» **Problem description**
Omit all pictures and transcribe only the lines in the entries below that run from the line with "Vintage Hartjes 81122 Women’s Leather Sandal" through the line with "Baby Girl Girl".

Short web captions
%%

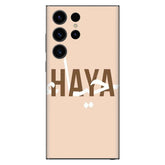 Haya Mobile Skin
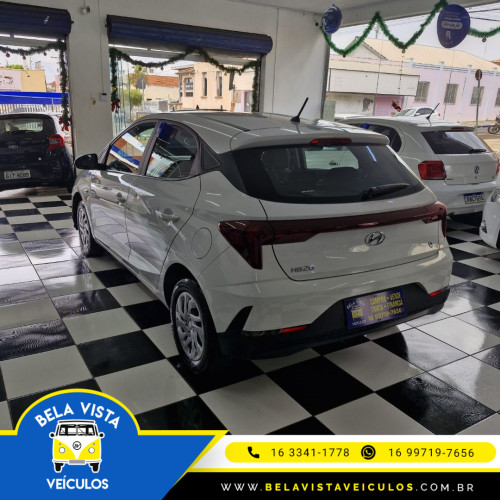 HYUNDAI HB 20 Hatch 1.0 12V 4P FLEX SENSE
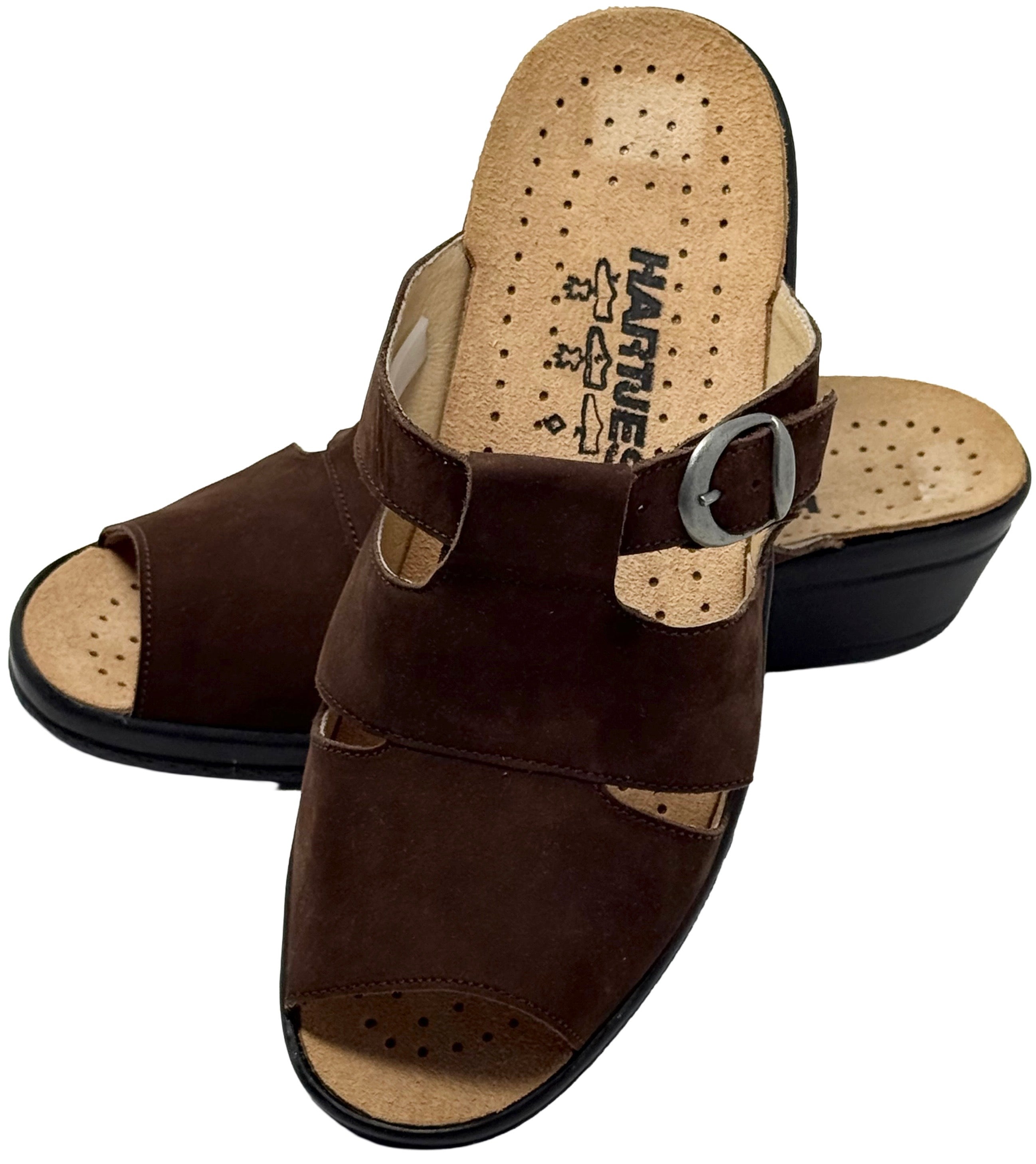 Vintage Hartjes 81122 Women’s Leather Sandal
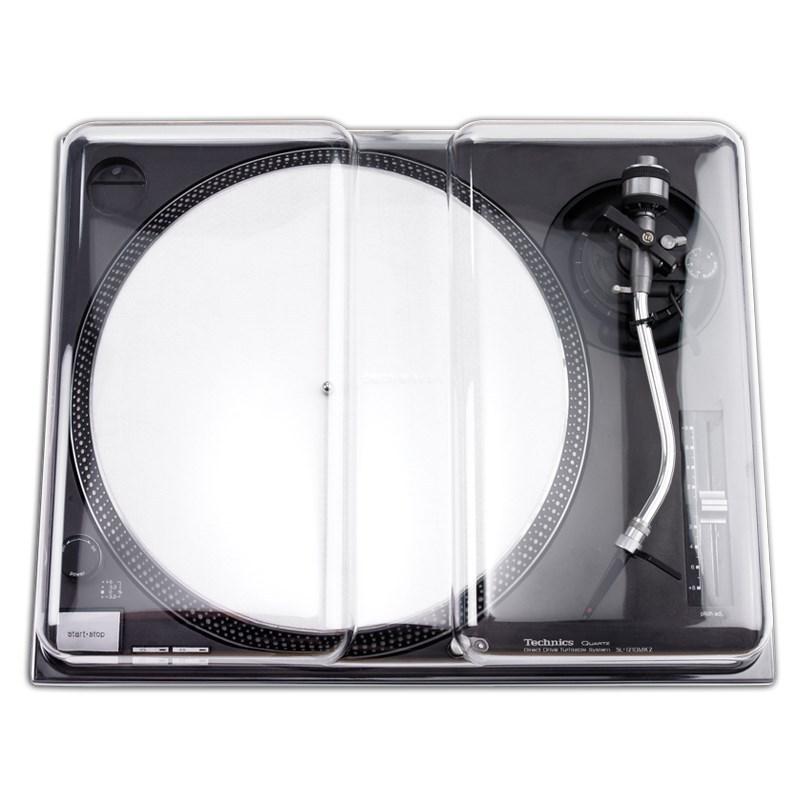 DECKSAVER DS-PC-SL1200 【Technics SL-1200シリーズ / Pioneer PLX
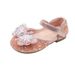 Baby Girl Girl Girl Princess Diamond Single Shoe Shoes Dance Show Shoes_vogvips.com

%%
%%

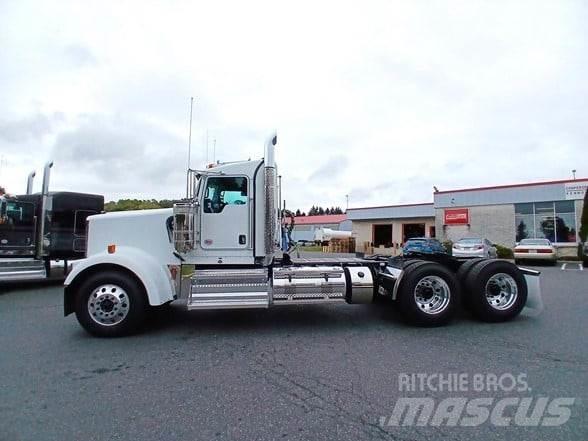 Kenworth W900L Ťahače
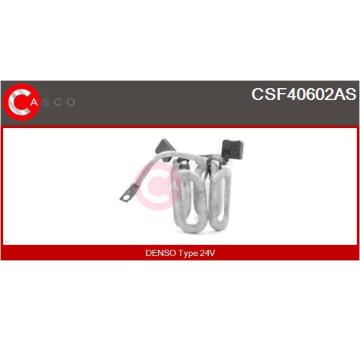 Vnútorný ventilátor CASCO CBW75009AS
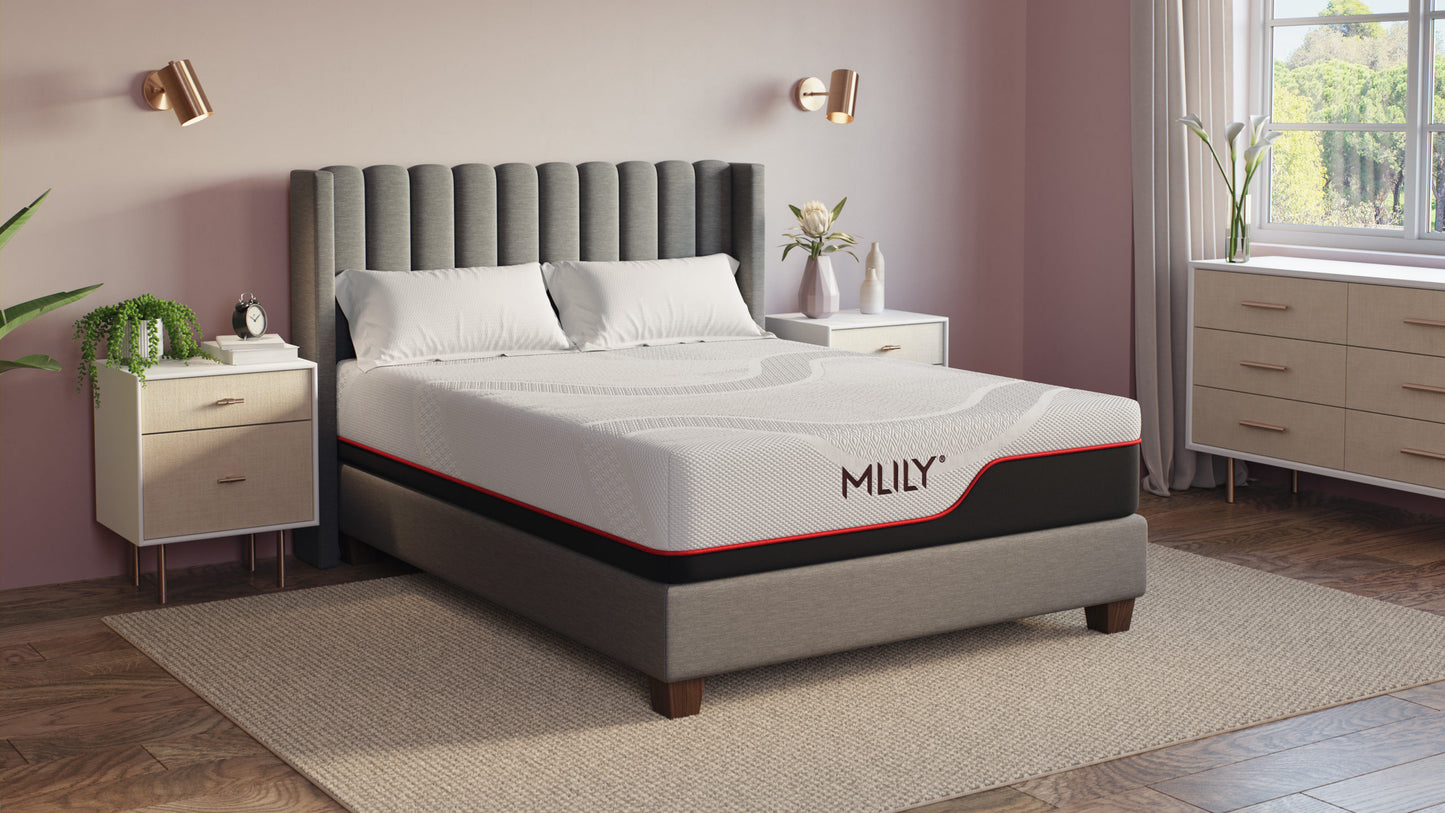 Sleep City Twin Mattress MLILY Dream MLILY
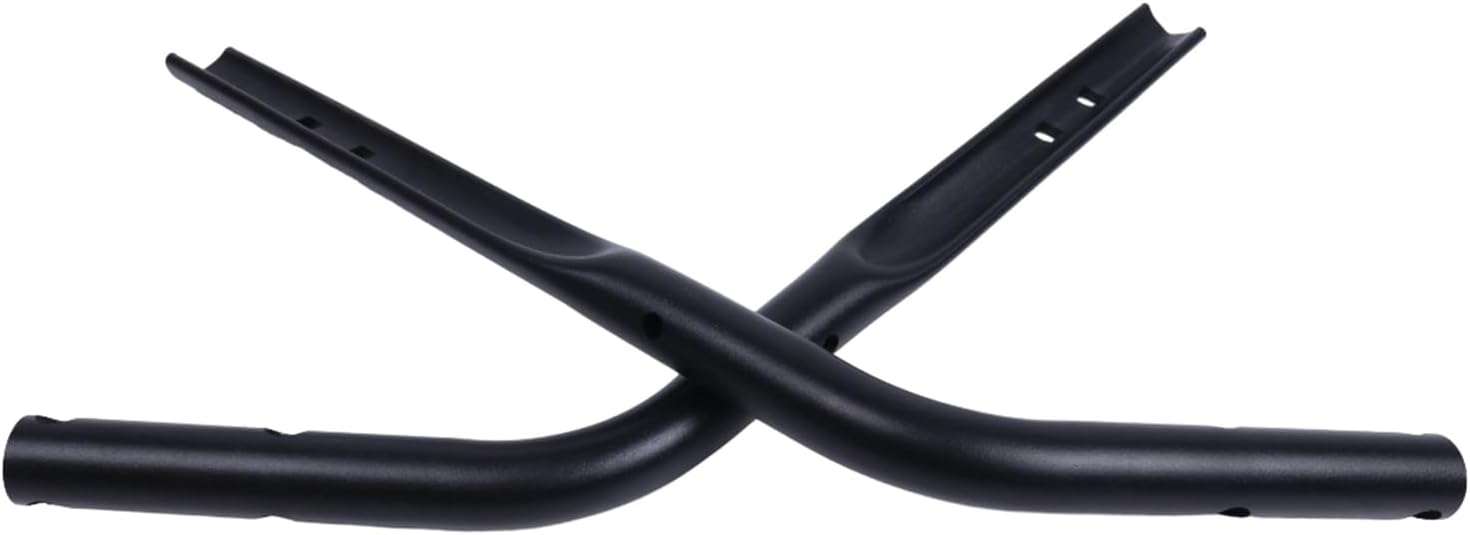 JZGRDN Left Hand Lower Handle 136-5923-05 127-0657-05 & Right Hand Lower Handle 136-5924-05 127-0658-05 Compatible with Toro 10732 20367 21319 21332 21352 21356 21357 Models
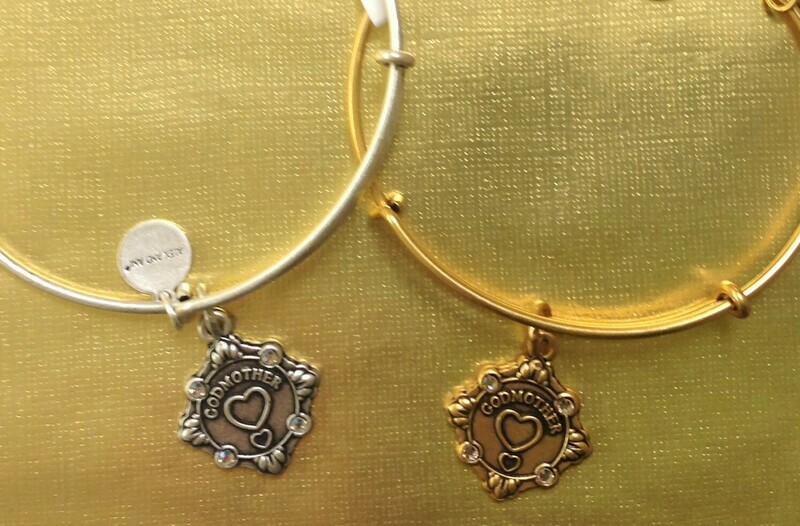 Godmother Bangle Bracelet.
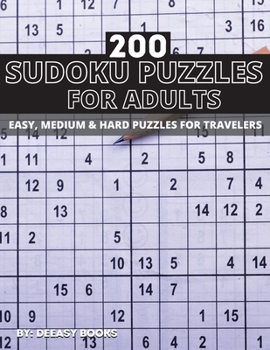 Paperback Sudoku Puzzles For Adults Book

%%

» **Task result**
 Vintage Hartjes 81122 Women’s Leather Sandal
 DECKSAVER DS-PC-SL1200 【Technics SL-1200シリーズ / Pioneer PLX
 Baby Girl Girl Girl Princess Diamond Single Shoe Shoes Dance Show Shoes_vogvips.com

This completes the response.